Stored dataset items
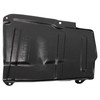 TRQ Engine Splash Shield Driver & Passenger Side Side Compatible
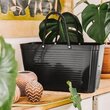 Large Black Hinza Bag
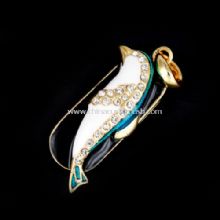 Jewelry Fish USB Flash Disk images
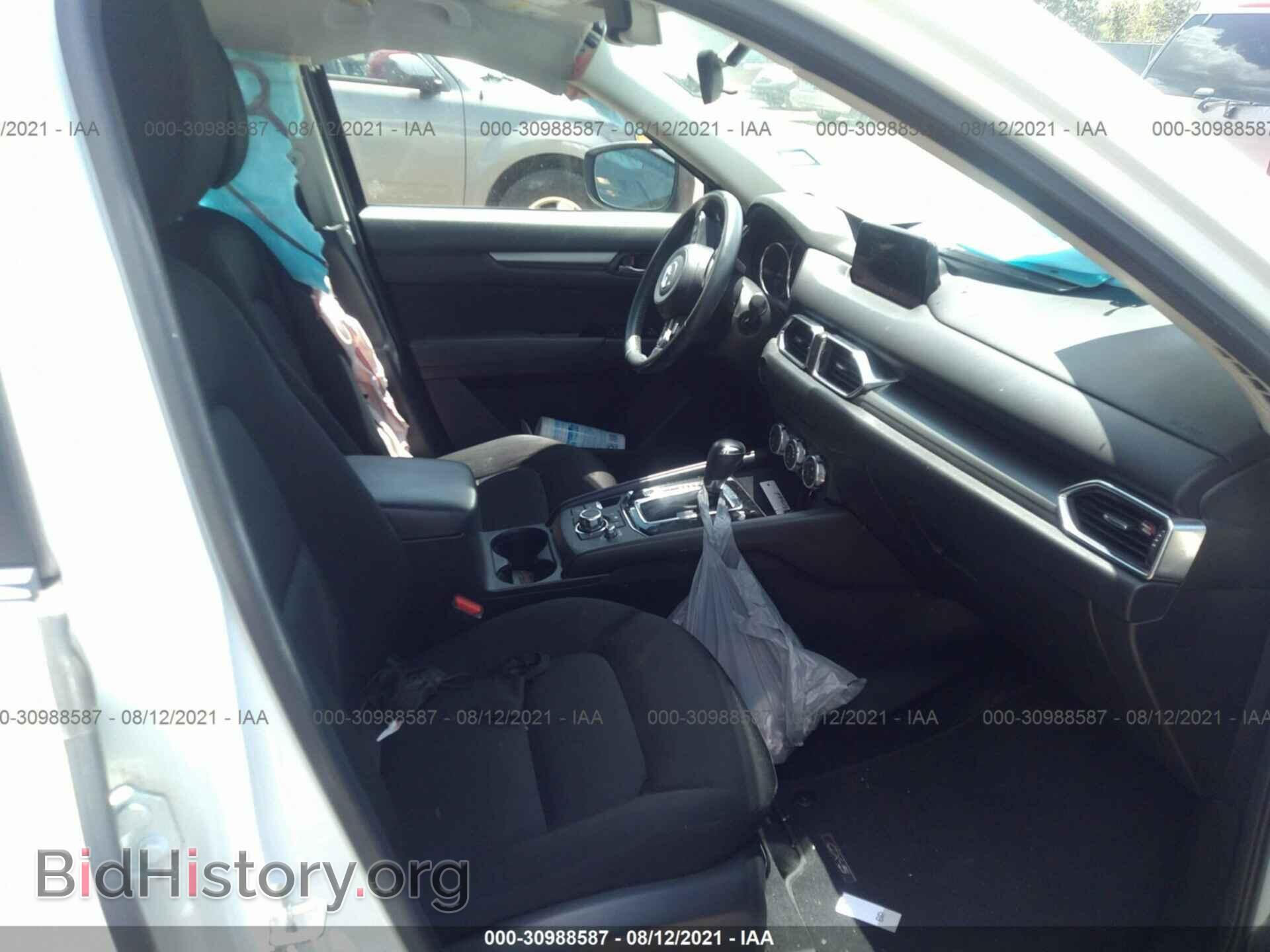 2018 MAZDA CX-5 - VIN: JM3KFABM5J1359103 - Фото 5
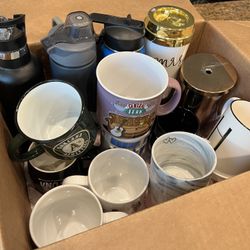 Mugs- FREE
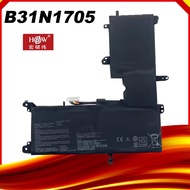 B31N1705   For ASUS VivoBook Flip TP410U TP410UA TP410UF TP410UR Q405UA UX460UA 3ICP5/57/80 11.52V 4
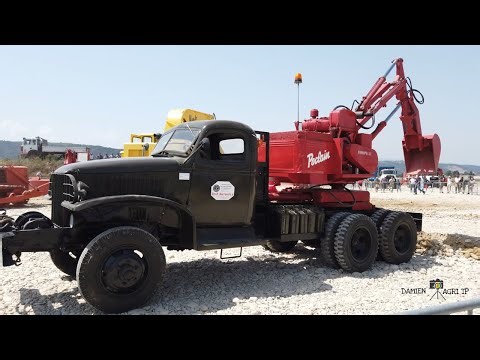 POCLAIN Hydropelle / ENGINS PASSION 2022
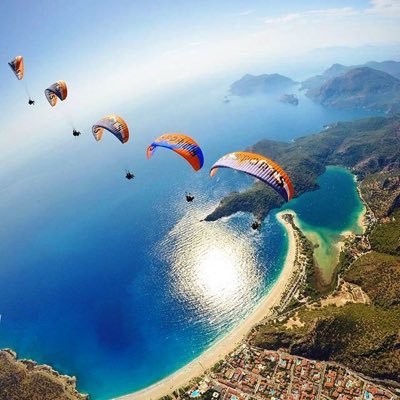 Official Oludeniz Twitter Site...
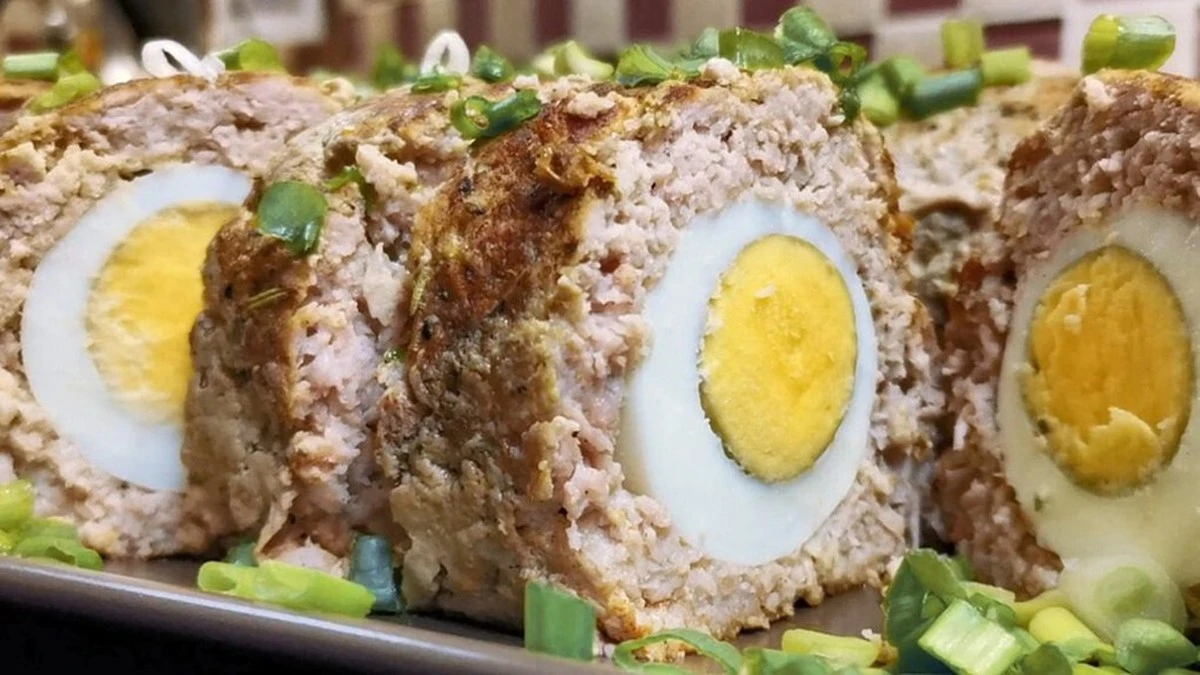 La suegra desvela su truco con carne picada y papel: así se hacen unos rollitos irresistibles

Work order »
Make an exact copy of the lines of the records from the line containing "2018 MAZDA CX-5" through the final line, both ends included, but not of the pictures.

Result of the task »
 2018 MAZDA CX-5 - VIN: JM3KFABM5J1359103 - Фото 5
 Mugs- FREE
 B31N1705   For ASUS VivoBook Flip TP410U TP410UA TP410UF TP410UR Q405UA UX460UA 3ICP5/57/80 11.52V 4
 POCLAIN Hydropelle / ENGINS PASSION 2022
 Official Oludeniz Twitter Site...
 La suegra desvela su truco con carne picada y papel: así se hacen unos rollitos irresistibles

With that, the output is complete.